Neglectful

I realize that if the act of keeping this blog were a relationship, I would have sent the dreaded Dear John letter ages ago. My visits to this place have been infrequent and the blog must feel neglected. Thankfully, when I look at my stats, my readers have not abandoned me. Thank you so much! 

Quick update since the last post: The poisonous steroids have been purged from my system. The side effects I was experiencing, aside from an increase in hip pain, have receded. After seeing the Neuro-Ophthalmologist, it was determined that I was experience migraines and seizure from the temporal lobe region – all a result of the hippocampal sclerosis. Now that I am back on the Topamax, or in the process of titrating up, the hope is that the medication will be a solution for both. 

Endometriosis Update: 

If you are unfamiliar with the previous posts regarding my recent adventures with the Mirena IUD, I suggest you read the following posts before reading this next section: Mirena Removal Time & Mirena Insertion/Optic Neuritis (you really only need to read the part regarding Mirena).

Roughly a little over 1 month lapsed between having the Mirena removed and having one reinserted. Unfortunately, this meant my cycle returned. Having read numerous e-mails over the years from Mirena users, I knew my chances of a period returning in the first month were a gamble. Some women had to start taking birth control pills to resume their cycles, while others began bleeding at the time of removal (which you will for a day or so – and this is normal) and not stop for weeks. I knew going into it that I knew enough to know not to expect anything. But I did get my period after 3 weeks, and while the pain wasn’t bad, the moods were miserable, and my dysautonomia couldn’t handle it. 

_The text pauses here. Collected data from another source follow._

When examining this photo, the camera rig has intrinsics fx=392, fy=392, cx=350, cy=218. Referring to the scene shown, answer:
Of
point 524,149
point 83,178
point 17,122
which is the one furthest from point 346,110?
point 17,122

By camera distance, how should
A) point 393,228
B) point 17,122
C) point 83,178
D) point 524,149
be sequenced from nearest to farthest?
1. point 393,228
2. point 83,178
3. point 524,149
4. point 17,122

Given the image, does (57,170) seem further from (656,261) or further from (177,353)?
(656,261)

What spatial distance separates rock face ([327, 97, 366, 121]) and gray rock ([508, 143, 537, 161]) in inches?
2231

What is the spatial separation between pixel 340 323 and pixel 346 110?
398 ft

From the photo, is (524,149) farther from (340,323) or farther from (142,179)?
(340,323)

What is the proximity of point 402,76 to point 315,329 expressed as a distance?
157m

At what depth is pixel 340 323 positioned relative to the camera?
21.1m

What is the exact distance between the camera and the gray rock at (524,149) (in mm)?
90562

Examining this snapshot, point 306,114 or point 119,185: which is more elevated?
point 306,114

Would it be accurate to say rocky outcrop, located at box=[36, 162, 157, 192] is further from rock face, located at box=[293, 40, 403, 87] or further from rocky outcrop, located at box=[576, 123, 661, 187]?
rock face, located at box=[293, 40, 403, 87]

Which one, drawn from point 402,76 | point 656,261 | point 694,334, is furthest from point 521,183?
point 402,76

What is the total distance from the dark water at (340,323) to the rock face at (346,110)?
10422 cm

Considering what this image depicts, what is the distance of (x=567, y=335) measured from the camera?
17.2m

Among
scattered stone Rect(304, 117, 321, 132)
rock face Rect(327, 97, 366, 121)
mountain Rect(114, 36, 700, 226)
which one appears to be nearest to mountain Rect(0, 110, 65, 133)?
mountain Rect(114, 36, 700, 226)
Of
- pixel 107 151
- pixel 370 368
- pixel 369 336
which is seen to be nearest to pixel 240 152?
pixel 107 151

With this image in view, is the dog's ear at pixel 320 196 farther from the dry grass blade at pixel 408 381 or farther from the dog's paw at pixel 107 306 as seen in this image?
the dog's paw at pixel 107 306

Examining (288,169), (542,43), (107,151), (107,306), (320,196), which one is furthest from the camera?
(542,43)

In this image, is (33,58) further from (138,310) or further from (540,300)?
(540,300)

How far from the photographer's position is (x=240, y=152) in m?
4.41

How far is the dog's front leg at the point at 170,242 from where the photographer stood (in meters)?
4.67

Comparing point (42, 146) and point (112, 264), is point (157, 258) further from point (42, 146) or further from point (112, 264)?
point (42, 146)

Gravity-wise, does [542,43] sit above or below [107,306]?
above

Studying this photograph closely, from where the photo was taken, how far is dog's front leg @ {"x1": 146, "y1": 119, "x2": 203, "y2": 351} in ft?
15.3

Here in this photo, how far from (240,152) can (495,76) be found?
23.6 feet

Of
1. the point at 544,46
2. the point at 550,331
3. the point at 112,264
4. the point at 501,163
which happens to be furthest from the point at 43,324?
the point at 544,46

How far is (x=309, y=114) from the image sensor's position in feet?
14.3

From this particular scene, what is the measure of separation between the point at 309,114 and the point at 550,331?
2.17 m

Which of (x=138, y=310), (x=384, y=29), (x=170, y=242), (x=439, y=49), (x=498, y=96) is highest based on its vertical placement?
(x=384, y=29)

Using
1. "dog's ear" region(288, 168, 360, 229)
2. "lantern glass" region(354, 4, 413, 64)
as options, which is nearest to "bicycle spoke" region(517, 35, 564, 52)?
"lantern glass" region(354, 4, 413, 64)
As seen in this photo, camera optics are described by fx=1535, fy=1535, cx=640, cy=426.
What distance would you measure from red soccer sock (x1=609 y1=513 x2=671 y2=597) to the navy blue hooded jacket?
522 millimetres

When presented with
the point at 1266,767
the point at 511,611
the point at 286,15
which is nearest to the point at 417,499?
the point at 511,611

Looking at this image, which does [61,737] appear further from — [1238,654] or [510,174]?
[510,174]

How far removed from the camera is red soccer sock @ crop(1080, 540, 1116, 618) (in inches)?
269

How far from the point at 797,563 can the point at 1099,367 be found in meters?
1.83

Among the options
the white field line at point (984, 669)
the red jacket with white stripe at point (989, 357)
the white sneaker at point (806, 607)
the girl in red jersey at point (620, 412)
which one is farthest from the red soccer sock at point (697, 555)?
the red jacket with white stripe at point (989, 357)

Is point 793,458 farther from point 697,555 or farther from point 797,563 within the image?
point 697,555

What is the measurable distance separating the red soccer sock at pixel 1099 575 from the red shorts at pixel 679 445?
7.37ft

Now fast forward to a month post-insertion. I was seen yesterday for a work related visit and the nurse notes a low blood pressure, that I am pale, that my pulse is borderline. She recommends my hemoglobin is checked. I see no need for this, nor does the doctor, because the only period I’ve had in 5 years was only 7 days and wasn’t that heavy. 

Saturday morning finds me tired. (This whole week’s found me tired after sleeping 8-9 hours a night!) As the morning stretches on, I find myself growing weak from the inside out. I feel that I’m pulled down from the chest – as if someone has tethered a weight to my breastbone and dropped the lead down a bottomless shaft, and now I’m trailing behind it, blazing away, unable to stop as I fall. My head feels… feels… shaky. Or wobbly. Or messy. It’s heavy and it hurts, but it’s not a headache. And it’s not a migraine. 

The afternoon comes and moments of clarity slip in. I think this is just the Topamax. Welcome to the Topamax Trip, enjoy the ride! Then I go to the bathroom. Then I discover….that evil… little…”friend.” Just a little bit. Enough to ruin my day. 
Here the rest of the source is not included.